Here's what I would suggest.

If you have access to a microwave at the host's house, you can actually make Hollandaise easily without a stove and very little counter space. Before you go to your dinner, separate your eggs and put the yolks into a tupperware container. Put your butter into a separate tupperware container. You can keep them in the fridge at the host's house, along with the lemon. 

When dinner is close to ready, melt your butter in the microwave. While that's doing its thing, whisk the yolks and lemon juice together. Then keep right on whisking while drizzling the melted butter into it to form an emulsion.

It doesn't take any more than a few minutes. If you have a stick blender, it's even quicker.


----------



## Aunt Bea (Mar 17, 2016)

Who needs the stress on a holiday, I would talk to the hostess about substituting a simple dressing of lemon and butter or a mustard sauce.

This is an easy mustard sauce that I copied down from one of Jacques Pépin's old cooking shows.  It is great on asparagus, salads and as a sandwich spread if you omit the water.

Mustard Sauce
1/2 cup mayonnaise
2 tablespoons Dijon mustard
1 tablespoon red wine vinegar
black pepper to taste

Combine ingredients and thin with a tablespoon or two of water if the mixture is too thick.

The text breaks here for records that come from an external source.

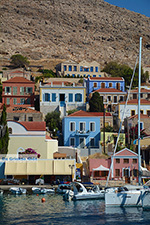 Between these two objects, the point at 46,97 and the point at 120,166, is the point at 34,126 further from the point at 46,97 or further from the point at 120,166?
the point at 46,97

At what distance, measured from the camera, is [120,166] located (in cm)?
5619

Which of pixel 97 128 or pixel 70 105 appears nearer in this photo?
pixel 97 128

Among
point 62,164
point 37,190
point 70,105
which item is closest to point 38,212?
point 37,190

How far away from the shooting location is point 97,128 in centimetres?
6788

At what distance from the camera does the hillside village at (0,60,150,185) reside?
54.2 meters

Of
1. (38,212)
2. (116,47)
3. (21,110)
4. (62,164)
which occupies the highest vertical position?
(116,47)

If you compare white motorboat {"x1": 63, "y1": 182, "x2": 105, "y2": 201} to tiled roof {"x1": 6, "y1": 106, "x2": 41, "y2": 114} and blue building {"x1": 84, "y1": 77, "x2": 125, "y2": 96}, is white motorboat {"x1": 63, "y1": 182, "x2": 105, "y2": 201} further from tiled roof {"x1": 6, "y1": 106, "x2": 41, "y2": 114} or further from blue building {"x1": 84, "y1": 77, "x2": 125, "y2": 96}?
blue building {"x1": 84, "y1": 77, "x2": 125, "y2": 96}

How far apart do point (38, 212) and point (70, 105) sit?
136 feet

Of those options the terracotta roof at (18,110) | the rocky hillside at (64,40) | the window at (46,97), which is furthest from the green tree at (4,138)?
the rocky hillside at (64,40)

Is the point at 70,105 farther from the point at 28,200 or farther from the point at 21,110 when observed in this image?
the point at 28,200

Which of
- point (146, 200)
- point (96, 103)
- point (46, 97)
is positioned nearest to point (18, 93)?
point (46, 97)

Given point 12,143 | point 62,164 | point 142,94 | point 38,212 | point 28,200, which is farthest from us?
point 142,94

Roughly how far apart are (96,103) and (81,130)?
10.9 m

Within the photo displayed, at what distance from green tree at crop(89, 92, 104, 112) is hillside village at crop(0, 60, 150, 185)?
0.42 m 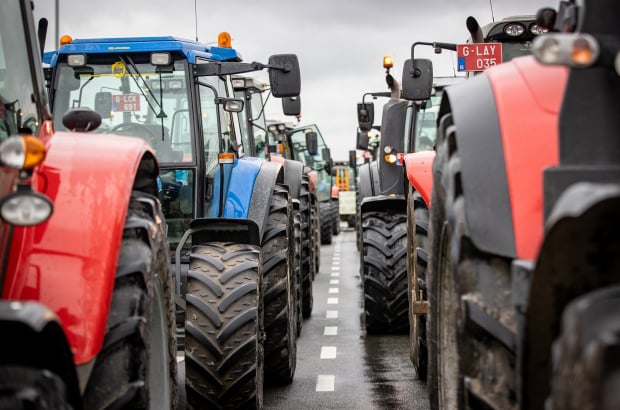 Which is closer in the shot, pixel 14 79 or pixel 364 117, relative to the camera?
pixel 14 79

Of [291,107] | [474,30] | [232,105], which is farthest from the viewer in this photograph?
[291,107]

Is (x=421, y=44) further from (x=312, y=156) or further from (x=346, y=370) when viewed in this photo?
(x=312, y=156)

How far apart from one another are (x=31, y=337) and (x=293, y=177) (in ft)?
26.8

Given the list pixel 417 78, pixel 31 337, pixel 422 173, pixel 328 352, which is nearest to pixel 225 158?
pixel 422 173

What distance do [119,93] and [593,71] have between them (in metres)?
4.65

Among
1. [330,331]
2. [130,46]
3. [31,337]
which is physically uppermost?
[130,46]

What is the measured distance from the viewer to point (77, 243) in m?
3.22

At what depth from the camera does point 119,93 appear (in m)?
6.77

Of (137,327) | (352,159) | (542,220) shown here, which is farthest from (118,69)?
(352,159)

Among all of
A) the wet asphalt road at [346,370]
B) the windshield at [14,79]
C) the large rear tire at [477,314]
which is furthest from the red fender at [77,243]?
the wet asphalt road at [346,370]

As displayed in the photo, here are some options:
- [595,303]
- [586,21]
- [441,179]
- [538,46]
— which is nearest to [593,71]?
[586,21]

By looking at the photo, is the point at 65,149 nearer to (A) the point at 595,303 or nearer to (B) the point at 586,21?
(B) the point at 586,21

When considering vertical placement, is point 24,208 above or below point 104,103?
below

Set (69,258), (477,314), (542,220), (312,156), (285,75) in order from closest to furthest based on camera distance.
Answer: (542,220) → (477,314) → (69,258) → (285,75) → (312,156) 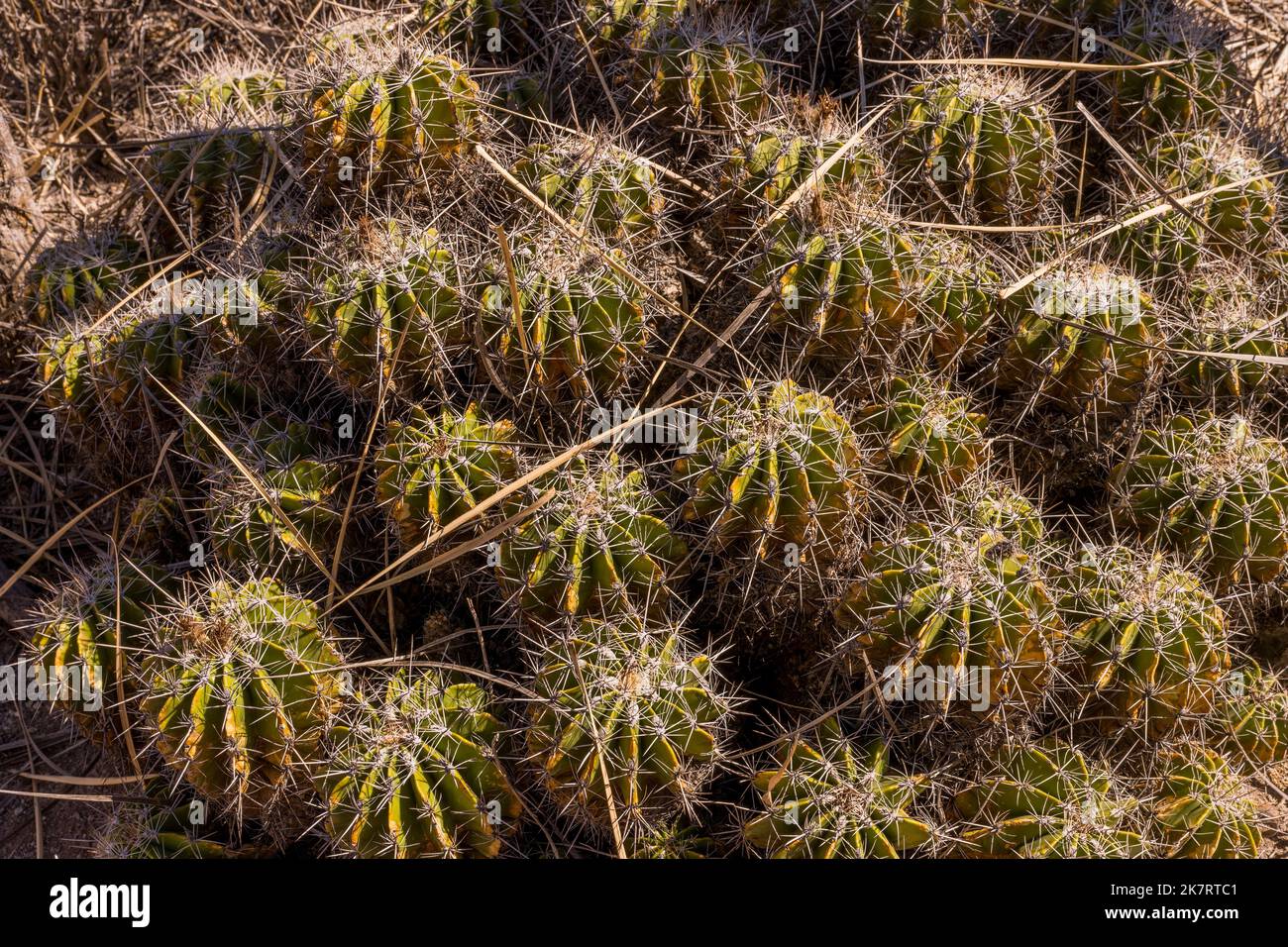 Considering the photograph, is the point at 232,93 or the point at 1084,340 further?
the point at 232,93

Good luck and enjoy the holiday!


----------



## GotGarlic (Mar 17, 2016)

Aunt Bea, I like how you think! 

Another option is to drizzle with reduced balsamic vinegar and sprinkle with grated Parmigiano Reggiano cheese.


----------



## Kayelle (Mar 18, 2016)

I like how you think too Bea!
I can understand a hostess asking me to bring asparagus with sauce, but not specifically "hollandaise sauce". It sounds like she hasn't a clue about the issues with that request.


----------



## lyndalou (Mar 18, 2016)

Thanks. I was sure that I shouldn't make it early, but thought I'd see what you all think.  I will call her and make the change.  she probably has never made it before, so didn't know. Not going to use the packaged stuff. Probably go with the J. Pepin sauce. Sounds delicious. Thanks to all.


----------



## Dawgluver (Mar 18, 2016)

Ya know what, PF turned me on to the Knorr hollandaise and bearnaise sauces in the package, and they're pretty darned good!  Taste like the real deal.


----------



## Andy M. (Mar 18, 2016)

Dawgluver said:


> Ya know what, PF turned me on to the Knorr hollandaise and bernaise sauces in the package, and they're pretty darned good!  Taste like the real deal.




+1....


----------



## PrincessFiona60 (Mar 18, 2016)

Dawgluver said:


> Ya know what, PF turned me on to the Knorr hollandaise and bernaise sauces in the package, and they're pretty darned good!  Taste like the real deal.



That's because a certain Ogre told me it was better than the scratch hollandaise I had made the time before.  I took that as permission to not make it from scratch...


----------



## Cheryl J (Mar 18, 2016)

LOL, Princess. 

I'll have to try that. I really like Knorr's little tubs of beef and chicken stock, and they have a pretty good dip mix if I recall. Nice to have those on hand. (sorry to go off-topic)


----------